Data under study:
+ + + +

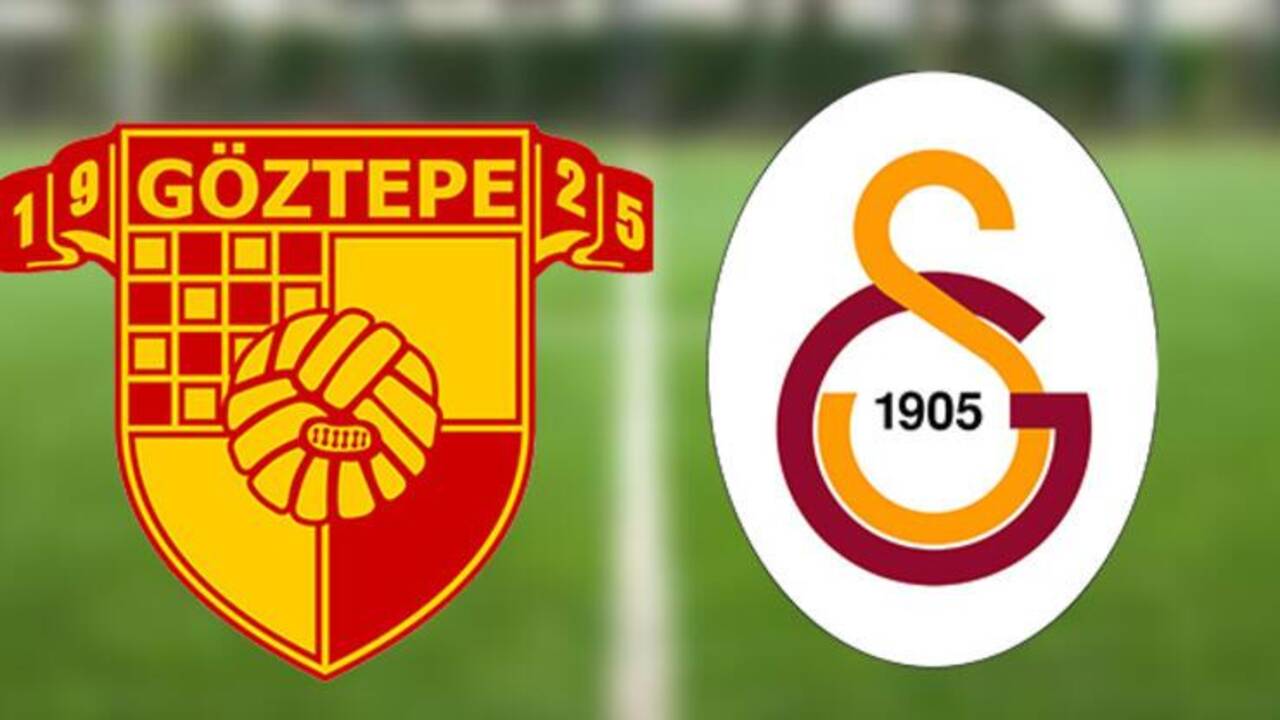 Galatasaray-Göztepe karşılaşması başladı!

+ + + +

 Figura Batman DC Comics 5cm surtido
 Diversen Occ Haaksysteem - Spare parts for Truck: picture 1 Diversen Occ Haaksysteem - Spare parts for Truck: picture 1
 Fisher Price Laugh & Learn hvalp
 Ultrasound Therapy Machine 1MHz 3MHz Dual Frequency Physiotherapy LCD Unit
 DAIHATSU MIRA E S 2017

+ + + +

Work request:
Please reproduce the lines from the line with "Fisher Price Laugh & Learn hvalp" to the line with "DAIHATSU MIRA E S 2017", both ends included, exactly as they appear above.

Exercise response:
 Fisher Price Laugh & Learn hvalp
 Ultrasound Therapy Machine 1MHz 3MHz Dual Frequency Physiotherapy LCD Unit
 DAIHATSU MIRA E S 2017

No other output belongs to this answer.